You’ll find that miscellaneous deductions are one of the most convenient write-offs you could get, with barely exerting any effort. You can get deductions for a magazine or newspaper, in addition to other deductible expenses. As long as you have the receipts for them, you are allowed any amount over 2% of adjusted gross income as a deduction. Keep in mind that these deductions are calculated based on the total, not individual expenses alone.

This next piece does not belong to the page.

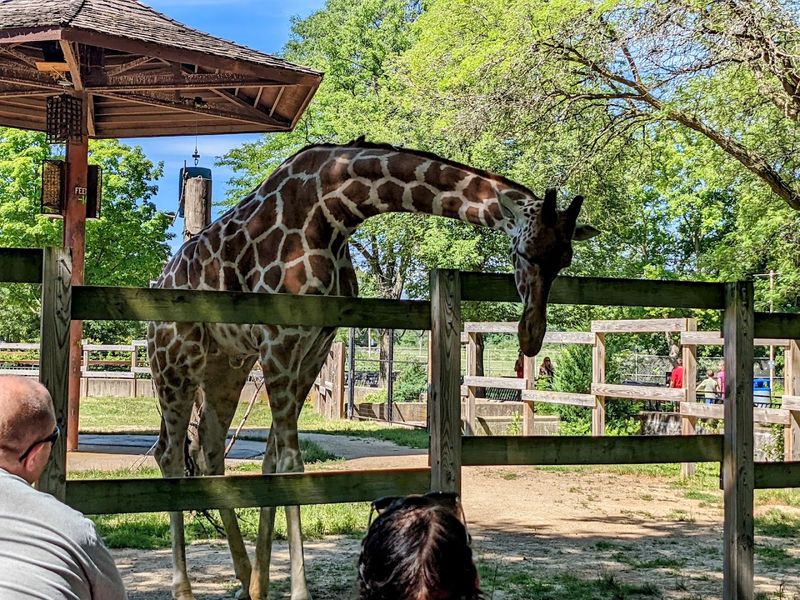Henry Vilas Zoo, Madison, WI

Small Charitable Donations

While big charitable donations are essentially hard to forget about, the little donations can start adding up too. It’s easy to write-off any charitable donations that you’ve paid out-of-pocket while you were doing charity work. If you’ve been working at a nonprofit soup kitchen, you may have paid for certain ingredients used, so those are considered out-of-pocket charitable donations. Make sure that you keep the receipts. In the case of paying more than $250 as out-of-pocket expenses, you’ll need to get a written acknowledgement from the involved charity to verify the financial support you’ve provided. Even driving the car is taken into account if you calculate the mileage, tolls, and parking fees.

Gambling Losses

Interestingly, you can get yourself some lovely deductions from gambling losses. If you happened to gamble last year, before the whole pandemic thing, you’re allowed to deduct some of your losses. Keep in mind that these deductions must be itemized, and it’s related to the winnings you report from gambling as taxable income. Keep all the gambling receipts, from traditional gambling sessions to lottery and bingo.

Dependents Credit

Most parents are familiar with the child tax credit, which has been quite helpful for many parents. The problem is that it only applies to children under 16. Fortunately, there is a $500 tax credit for parents who don’t qualify for the traditional child tax credit. You’re also allowed to claim the tax credit if you’re caring for older relatives at home.

Instead of paying a big percentage of your hard-earned income as tax, you might want to invest some time to learn how you can circumvent your way out of it with some tax write-offs. There are many methods and filings you can go for, but the ones we mentioned can make the process more straightforward and simpler.